Matter of Zagerson v. New York City Dept. of Educ.
This text of 2022 NY Slip Op 00645 (Matter of Zagerson v. New York City Dept. of Educ.) is published on Counsel Stack Legal Research, covering Appellate Division of the Supreme Court of the State of New York primary law. Counsel Stack provides free access to over 12 million legal documents including statutes, case law, regulations, and constitutions.
Opinion
| Matter of Zagerson v New York City Dept. of Educ. |
| 2022 NY Slip Op 00645 |
| Decided on February 01, 2022 |
| Appellate Division, First Department |
| Published by New York State Law Reporting Bureau pursuant to Judiciary Law § 431. |
| This opinion is uncorrected and subject to revision before publication in the Official Reports. |
Decided and Entered: February 01, 2022
Before: Kern, J.P., Friedman, Singh, Scarpulla, Rodriguez, JJ.

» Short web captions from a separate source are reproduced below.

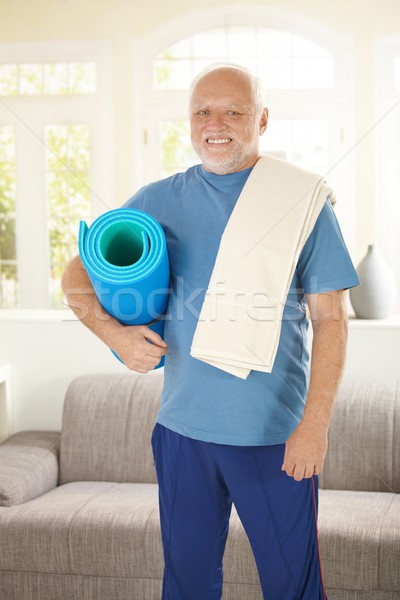 Portrait of active senior going to gym Stock photo © nyul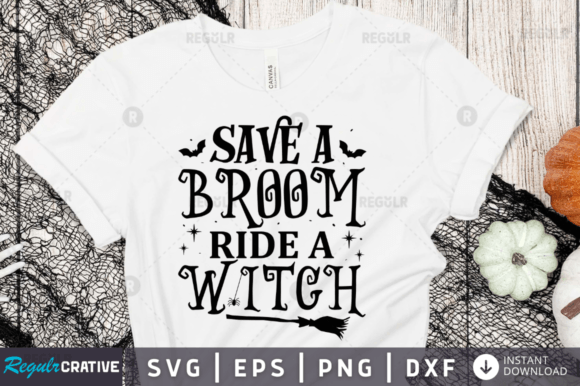 Save a Broom Ride a Witch Svg Design Review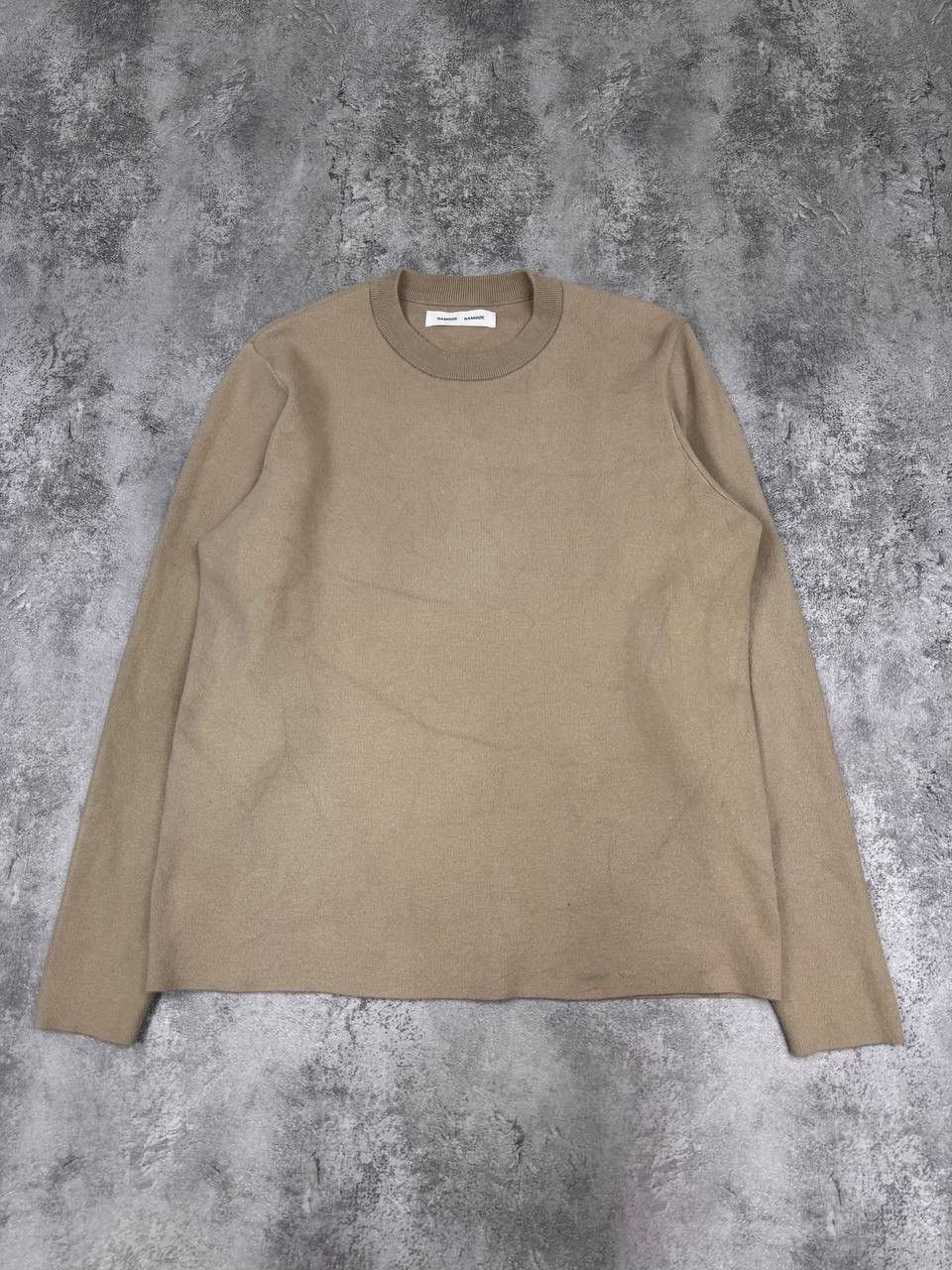 Samsoe Samsoe Samsøe Samsøe Men Cashmere Crewneck Sweater Beige Size Large Size US L / EU 52-54 / 3 - 1 Thumbnail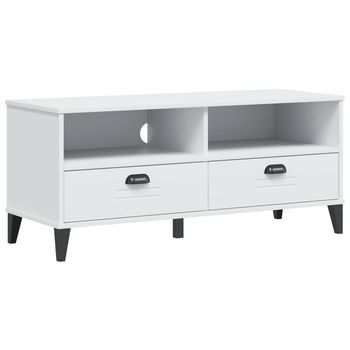 Mueble Tv | Mueble De Salón | Armario Tv Viken Madera De Ingeniería Blanco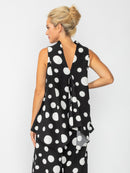 IC Collection Spotted High Cowl Neck Top-IC-7083T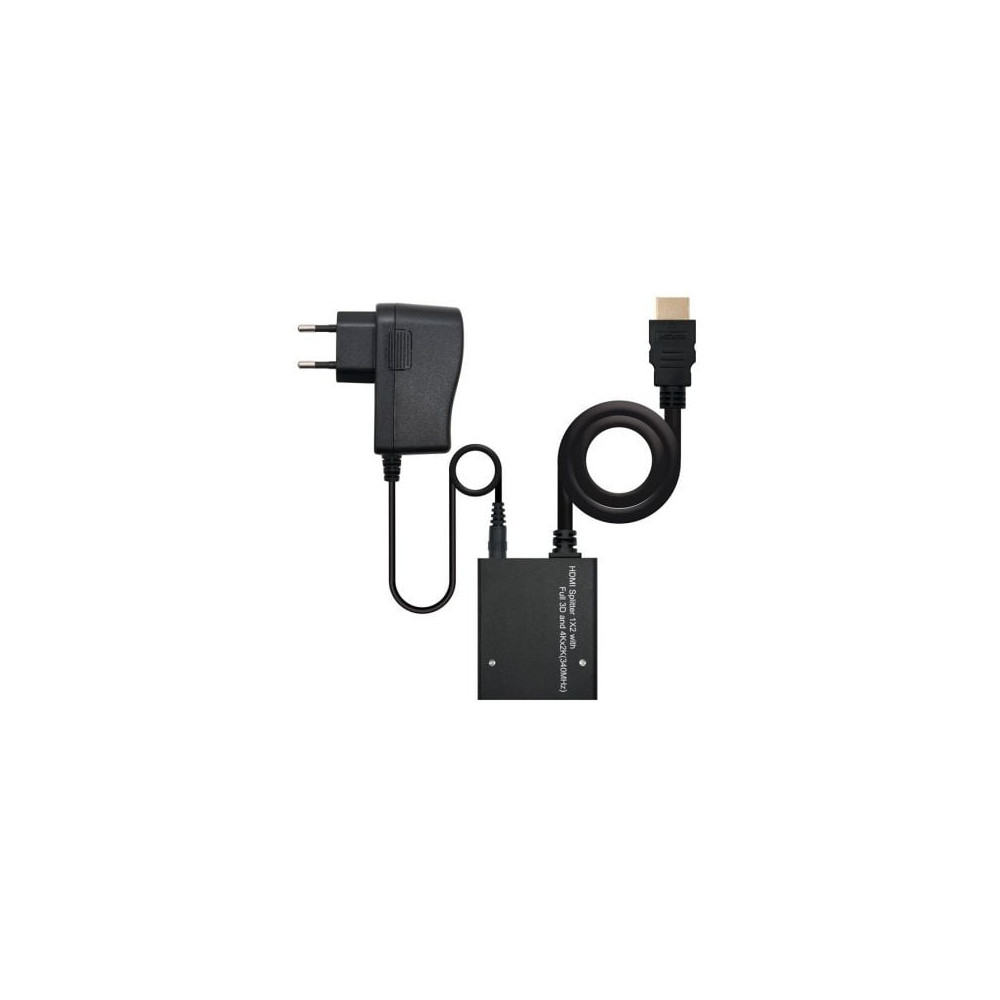 Duplicador HDMI Nanocable 10.25.3502/ HDMI Macho - 2x HDMI Hembra | HDMI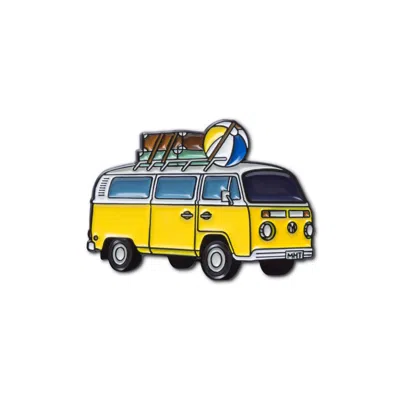 Make Heads Turn Women's Enamel Pin Road Trip Van Yellow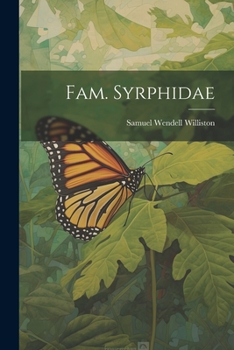 Paperback Fam. Syrphidae Book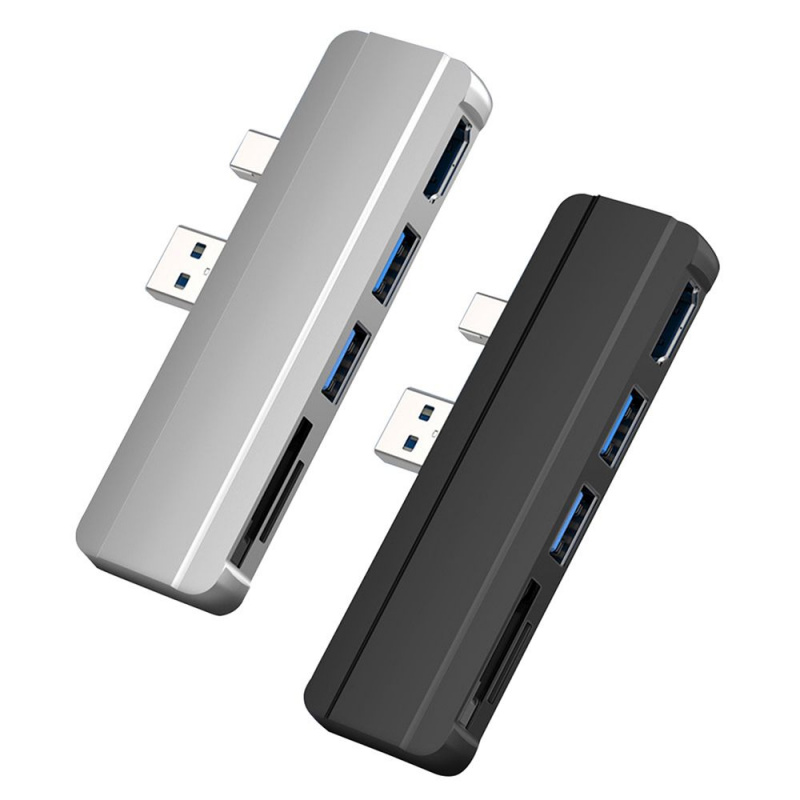 5 合 1 USB 3.0 集線器 4K HDMI 兼容 SD TF 讀卡器適用於 Microsoft Surface Pro 4 5 6 擴展塢多端口適配器擴展器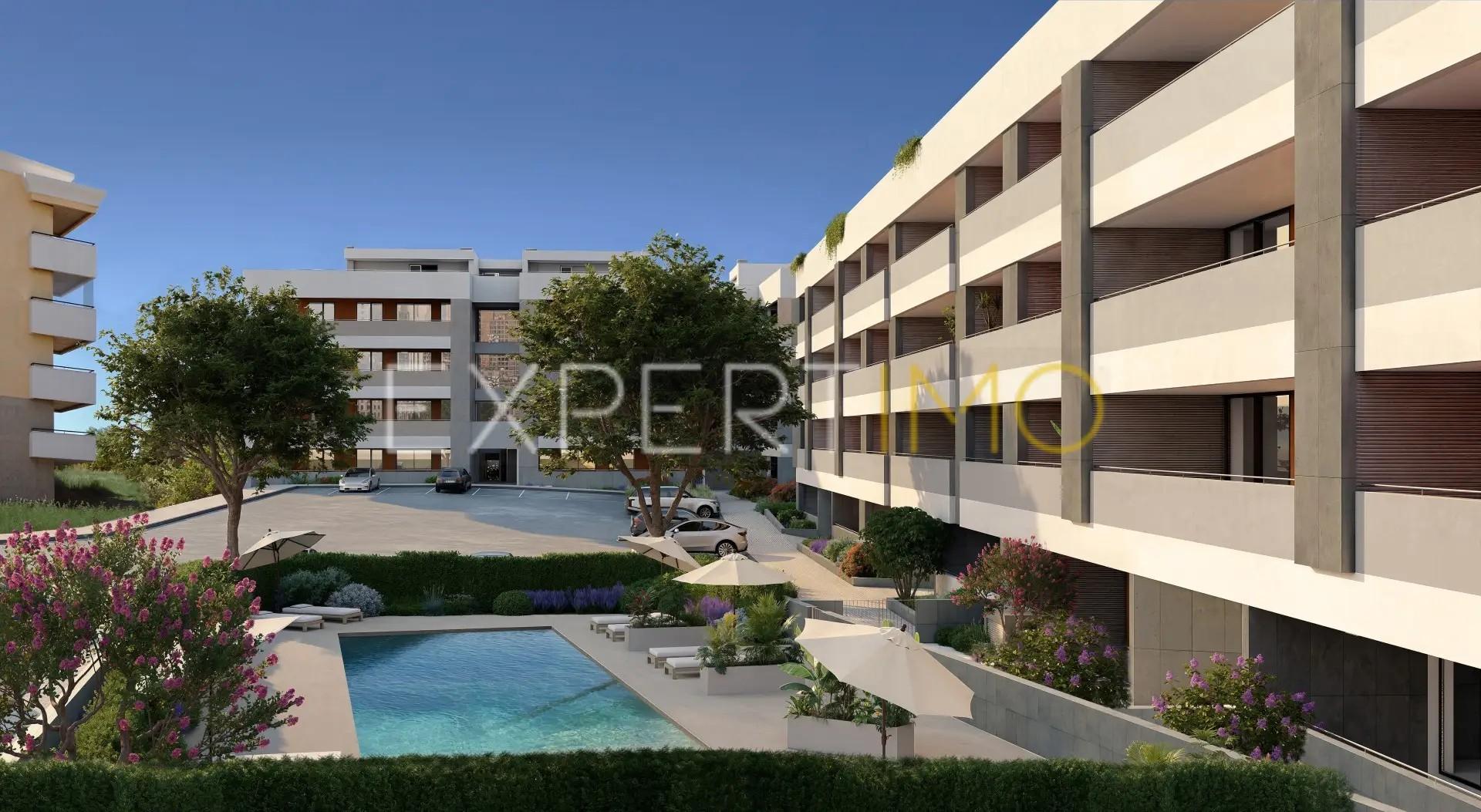 Apartamentos T2, T3 e duplex em Lagos c/Garagem e Piscina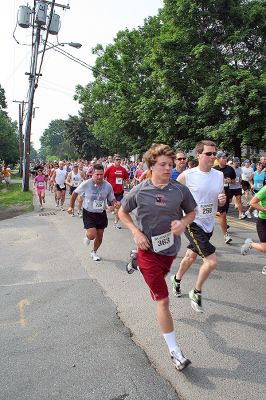 Marion 5K
More than 300 runners came out for the Twelfth Annual Marion Village 5K Road Race on Saturday morning, June 28 race. (Photo by Robert Chiarito).
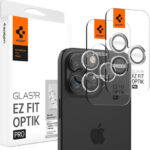 Spigen Glas.tR EZ Fit Optik Pro Προστασία Κάμερας Tempered Glass Διάφανο για το iPhone 16 Pro / Pro Max / 15 Pro / Pro Max / 14 Pro / Pro Max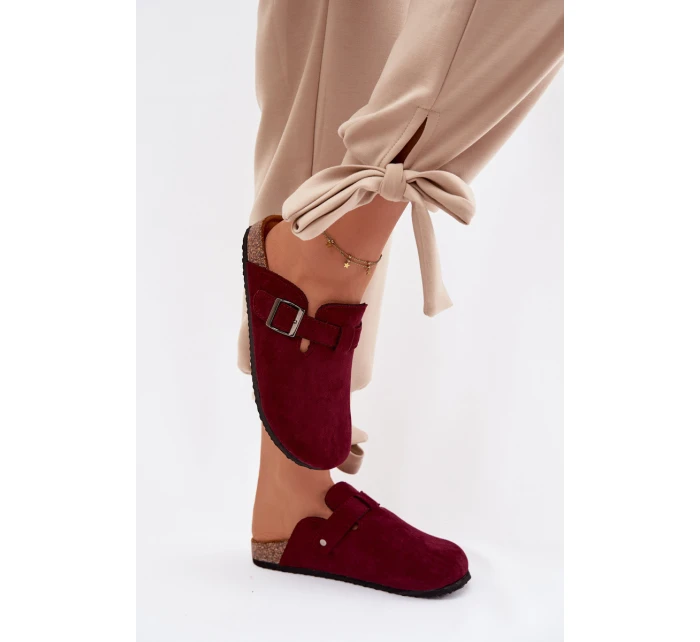 Dámské chodítka s přezkou Bordó Delirisse Dámské chodítka s přezkou Bordó Delirisse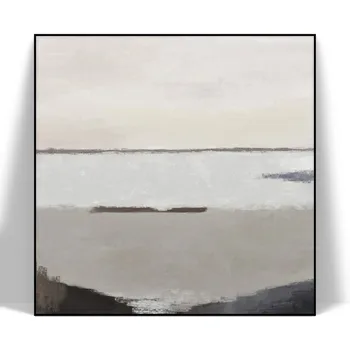

River Side Abstract Big Wall Art Print Poster Pictures Hand Painted Handmade Canvas Oil Painting Wall Painting for Living Room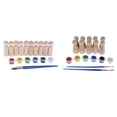 thumbnail image 1 of 20pcs / Set Las De Blancas Masculinas De La Atadura De La Clavija Que Pintan Diy De perfecl Muñecas de madera de la guata, 1 of 7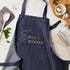 Personalised Blue Denim Kitchen Apron TM675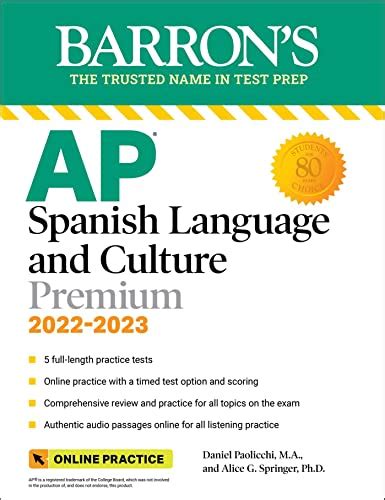 AP Spanish Language And Culture Premium 2022 2023 5 Practice Tests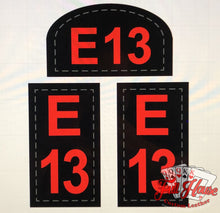 Load image into Gallery viewer, 3 Piece Passport ID Tags (Front and Sides) - 2&quot;x3.5&quot; - Full House Custom Leather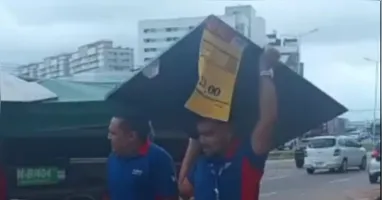 Lojista recupera a televisão furtada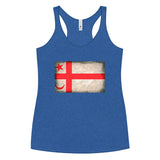 Mi'kmaq Flag - Women's Racerback Tank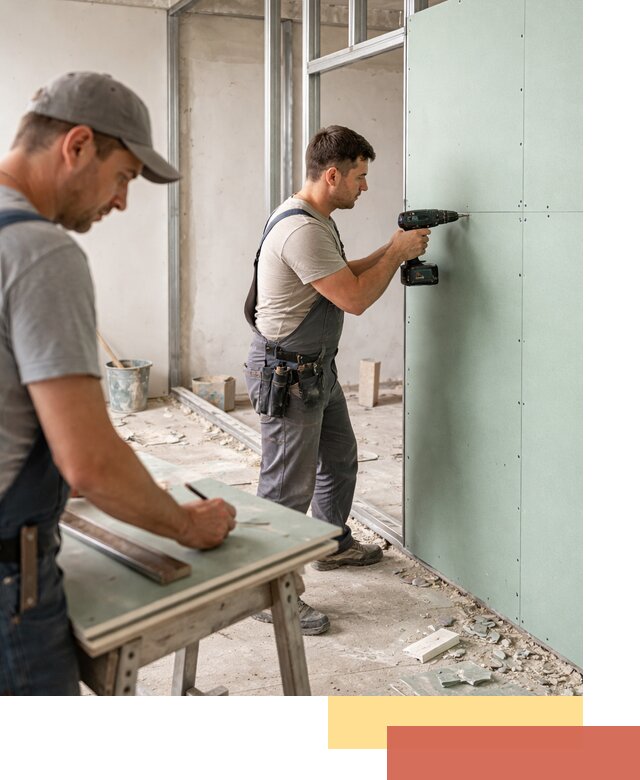 Перегородки из влагостойкого гипсокартона под ключ в Сафоново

Index No. 161586/19 Appeal No. 15189 Case No. 2021-01357
v
New York City Department of Education et al., Respondents-Respondents.
Glass Harlow & Hogrogian LLP, New York (Bryan D. Glass of counsel), for appellant.
Georgia M. Pestana, Corporation Counsel, New York (Lorenzo Di Silvio of counsel), for respondents.
Judgment, Supreme Court, New York County (Carol R. Edmead, J.), entered October 2, 2020, denying the petition to annul respondents' determination, dated September 17, 2019, which terminated petitioner's employment, and dismissing the proceeding brought pursuant to CPLR article 78, unanimously affirmed, without costs.
Respondents' determination to terminate petitioner's employment as a paraprofessional for respondent New York City Department of Education had a rational basis in the record and was not arbitrary and capricious (see Matter of Pell v Board of Educ. of Union Free School Dist. No. 1 of the Towns of Scarsdale and Mamaroneck, Westchester County, 34 NY2d 222, 231 [1974]; Matter of Villada v City of New York, 126 AD3d 598, 599 [1st Dept 2015]). The serious nature of petitioner's misconduct — kissing three young female students — was substantiated after the Office of the Special Commissioner of Investigation (SCI) conducted an independent investigation, which was followed by a review of SCI's findings and due consideration by the school principal (see Bolt v New York City Dept. of Educ., 30 NY3d 1065, 1068 [2018]; Matter of Aiken v City of New York, 92 AD3d 448, 449 [1st Dept 2012]). Supreme Court also correctly ruled that petitioner's due process rights were not violated, since he was provided with information sufficient to mount an adequate defense to SCI's investigative report (see Matter of Berkley v New York City Dept. of Educ., 159 AD3d 525, 526 [1st Dept 2018]; Wolfe v Kelly, 79 AD3d 406, 410 [1st Dept 2010], appeal dismissed 17 NY3d 844 [2011]).
We have considered petitioner's remaining contentions and find them unavailing.THIS CONSTITUTES THE DECISION AND ORDER
OF THE SUPREME COURT, APPELLATE DIVISION, FIRST DEPARTMENT.